Records shown.
+++
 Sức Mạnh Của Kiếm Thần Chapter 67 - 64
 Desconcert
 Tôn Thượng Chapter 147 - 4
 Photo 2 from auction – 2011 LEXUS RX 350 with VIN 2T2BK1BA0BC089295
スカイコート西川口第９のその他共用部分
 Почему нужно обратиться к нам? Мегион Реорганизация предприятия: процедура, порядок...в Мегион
+++
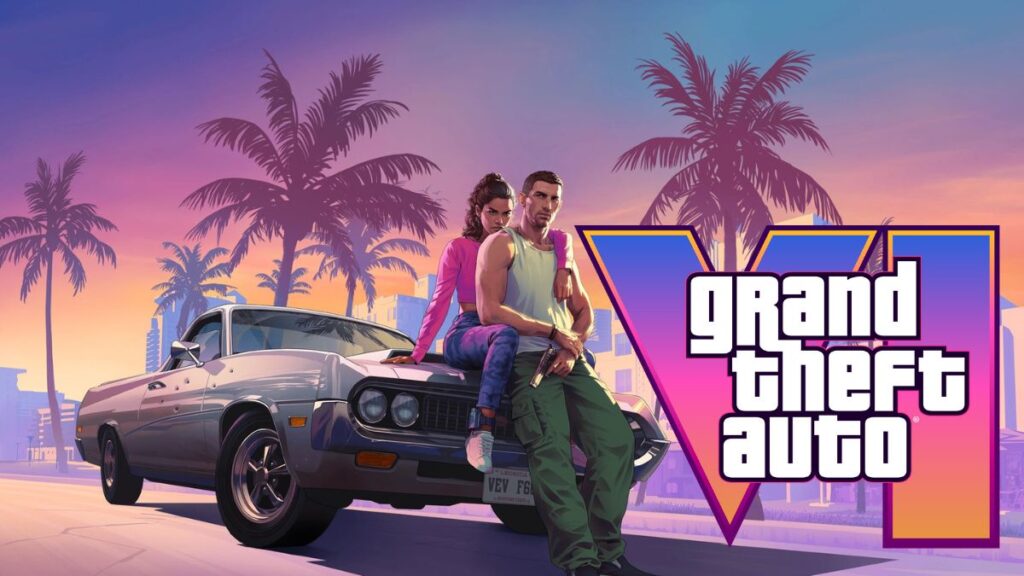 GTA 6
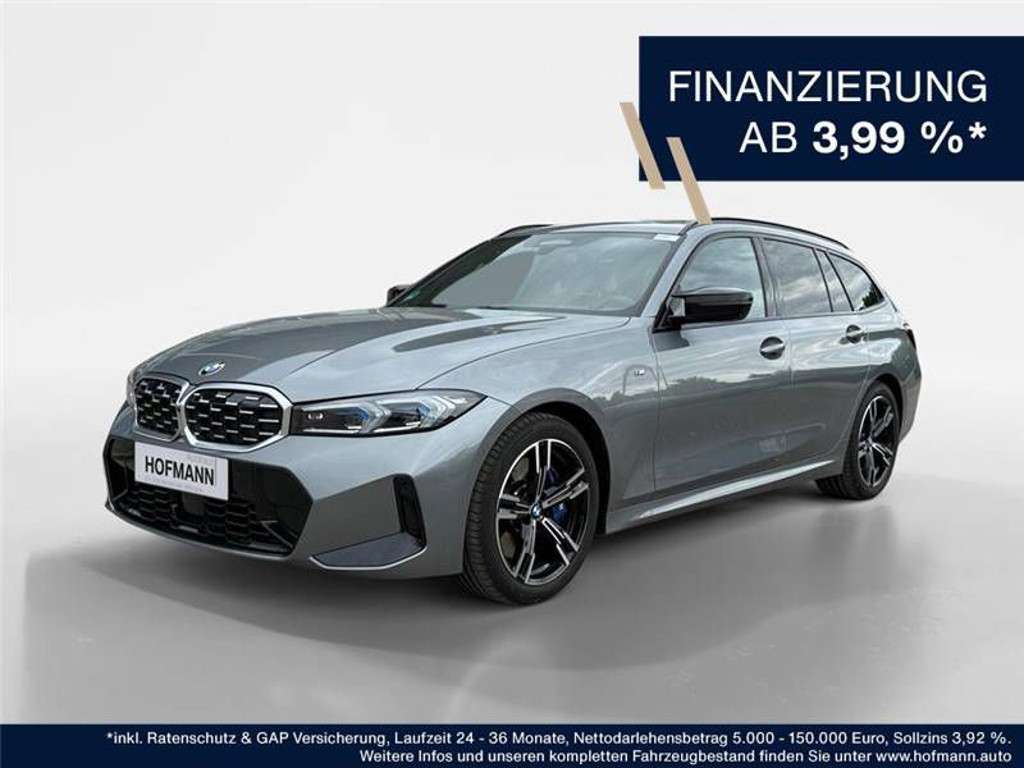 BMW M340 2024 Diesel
+++
Action item.
The expected output is exactly the lines of the listing above between the line holding "Tôn Thượng Chapter 147 - 4" and the line holding "Почему нужно обратиться", inclusive.

Written response.
 Tôn Thượng Chapter 147 - 4
 Photo 2 from auction – 2011 LEXUS RX 350 with VIN 2T2BK1BA0BC089295
スカイコート西川口第９のその他共用部分
 Почему нужно обратиться к нам? Мегион Реорганизация предприятия: процедура, порядок...в Мегион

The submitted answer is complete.